Relationship between severity of the local skin reactions and the rate of local skin reaction resolution in patients treated with ingenol mebutate gel

Shelbi C Jim On 1,, Kim Mark Knudsen 2, Torsten Skov 2, Mark Lebwohl 1
PMCID: PMC5003522  PMID: 27601928

Abstract

Background

Ingenol mebutate gel is a topical field treatment for actinic keratosis (AK). The treatment elicits application-site reactions in most patients. This analysis evaluated the relationship between the severity of reactions and the speed of their resolution.

Methods

Patients in Phase III studies were treated for AKs on the face (n=218), scalp (n=56), and trunk and extremities (n=209). All of the patients were treated with either ingenol mebutate gel 0.015% once daily for three consecutive days (face/scalp) or ingenol mebutate gel 0.05% once daily for two consecutive days (trunk/extremities). Local skin reactions (LSRs) were assessed on a 5-point scale from 0 to 4 in six categories, yielding composite scores in the range of 0 to 24.

Results

The composite LSR score on the day after the last application of ingenol mebutate gel was an important predictor of the speed of resolution of LSRs. The rate of resolution was greatest for AKs treated on the face, followed by the scalp, and then the trunk and extremities. All patients were expected to have minimal LSR scores for the face and scalp at 2 weeks, and for the trunk and extremities at 4 weeks.

Conclusion

The absolute reduction in LSR scores was proportional to the composite LSR score on the day after the last application of ingenol mebutate gel treatment. The rate of resolution for LSRs was dependent on the anatomic site treated as well as the day 4 composite score.

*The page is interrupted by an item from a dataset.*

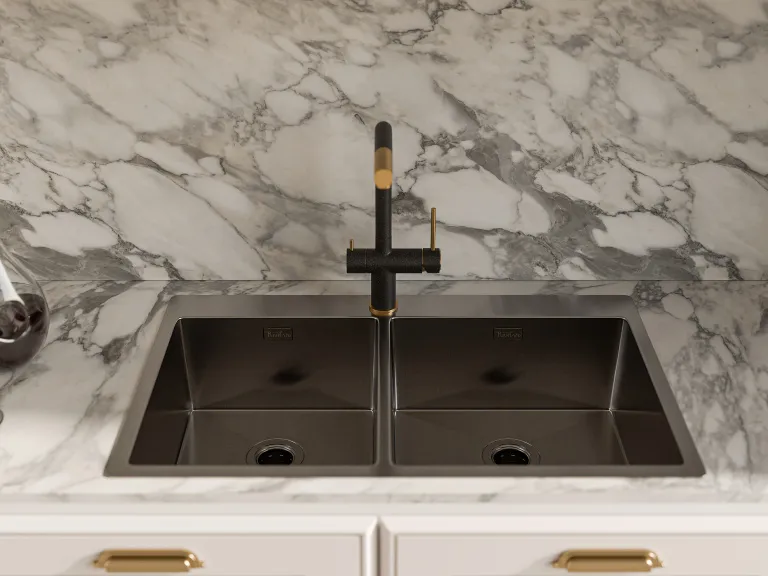 Детальное фото товара: Rivelato RINOX 8050 В2 PVD black, мойка, нержавеющая сталь, черный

Keywords: ingenol mebutate, local skin reaction, actinic keratosis

Introduction

Actinic keratosis (AK) is a common precursor to sun-related squamous cell carcinoma. Common types of lesion-directed therapies for AK include cryotherapy and curettage.1,2 Patient-applied topical field therapies, including fluorouracil, imiquimod, and diclofenac, require adherence to a prolonged treatment regimen to achieve effective lesion clearance. Adherence and tolerability may be compromised by the adverse cosmetic effects and persistent local skin reactions (LSRs) associated with these treatments.3 Office-based field treatments, such as photodynamic therapy and ablative laser treatment, may be accomplished in one or more office visits, although LSRs may nonetheless be persistent,4,5 and delayed wound healing may occur with laser resurfacing.5

Four recently concluded Phase III studies have demonstrated the effectiveness and safety of ingenol mebutate gel applied as a topical field treatment of AK for two or three consecutive days.6,7 This treatment produced significant short-term clearance of AK versus placebo, clinically relevant sustained clearance, and long-term lesion reduction.6,7 Rates of complete clearance (primary end point) and partial clearance (secondary end point), defined as ≥75% reduction from baseline in the number of visible AKs, were assessed on day 57. Safety end points included adverse events and LSRs, assessed according to a prespecified scale. In most patients, the treatment elicited application-site reactions. The LSRs typically occurred within 1 day of treatment initiation, peaked in severity up to 1 week after completion of treatment, and resolved within 2 weeks for areas treated on the face and scalp, or within 4 weeks for areas treated on the trunk and extremities.6

In this analysis, we evaluated the relationship between the severity of the composite LSRs and the speed of their resolution in patients who were treated for AKs of the face, the scalp, or the trunk and extremities.

Methods

Data were collected from four multicenter, randomized, parallel-group, double-blind studies.6 For the face and scalp locations, results from two pivotal Phase III trials (NCT00916006 and NCT00915551) were included in the analysis. A total of 220 patients were treated for AKs on the face, and 56 patients were treated for AKs on the scalp. Two patients were withdrawn from the facial analysis. For trunk and extremity locations, results from two pivotal Phase III studies (NCT00742391 and NCT00942604) were included in the analysis. A total of 209 patients were treated for AKs on the trunk and extremities. All patients provided written consent prior to enrollment. The protocols for all studies were submitted to Institutional Review Boards (IRBs) and Independent Ethics Committees (IECs), in the United States and Australia, respectively. Approval from the IRBs/IECs was obtained before the start of the studies.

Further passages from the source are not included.